As the new name suggests, many other things related to agricultural life and history were part of the event. The Blekkenhorst families ran harvest demonstrations periodically throughout the two days. Barley was cut with a binder, stooked and threshed; the thresher was driven with a 1920s era tractor. The binder, tractor and threshing machine were all McCormick-Deering machines. The barley was also ground into flour suitable for animal feed. The dynamometer, although not directly related to harvesting, was popular among many tractor owners who seized the opportunity to check their horsepower.
Tractor rodeo was back and provided good fun for participants and spectators on Friday evening, Saturday morning and later on Saturday afternoon. Wagon backing, the Kerchner string game, the tandem lift & carry and several more contests tested the operator’s speed and driving skill. Drivers were good sports throughout and even supported the egg and spoon race. When the fun ended, Jason Blekkenhorst won the rodeo trophy.
The antique tractors were the biggest showing and variety in recent memory; the tractor parade on Saturday afternoon was a big one with almost 50 tractors entered. Best original was John Hanna’s 1963 John Deere 5010 and the oldest running tractor was Hemke Vanderzwaag’s 1920 Fordson.
Hemke Vanderzwaag drove the oldest running tractor, a 1920 Fordson.
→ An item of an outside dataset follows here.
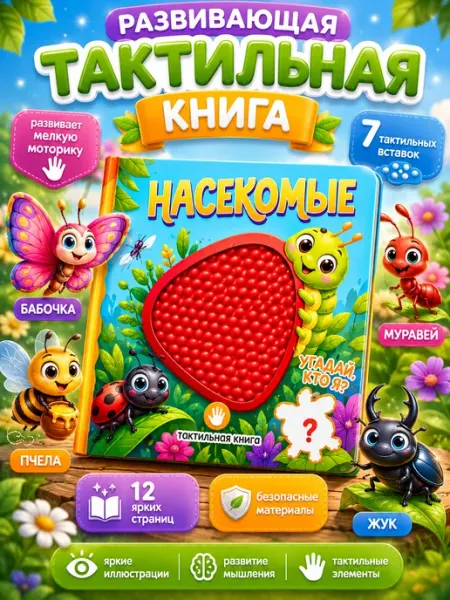 YÖKIDS Тактильная книга развивающая для малышей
Around the grounds, Thunder Bay Cattlemen’s Association, Kakabeka Tired Iron Club, Founders’ Museum and antique car clubs had well attended displays and demonstrations. As usual, when the weather is good, the BMO volunteers were busy at the gate processing over 500 spectators on Saturday.
The support of more than 80 local businesses, led by Thunder Bay Co-operative Farm Supplies and Bank of Montreal, made the match possible.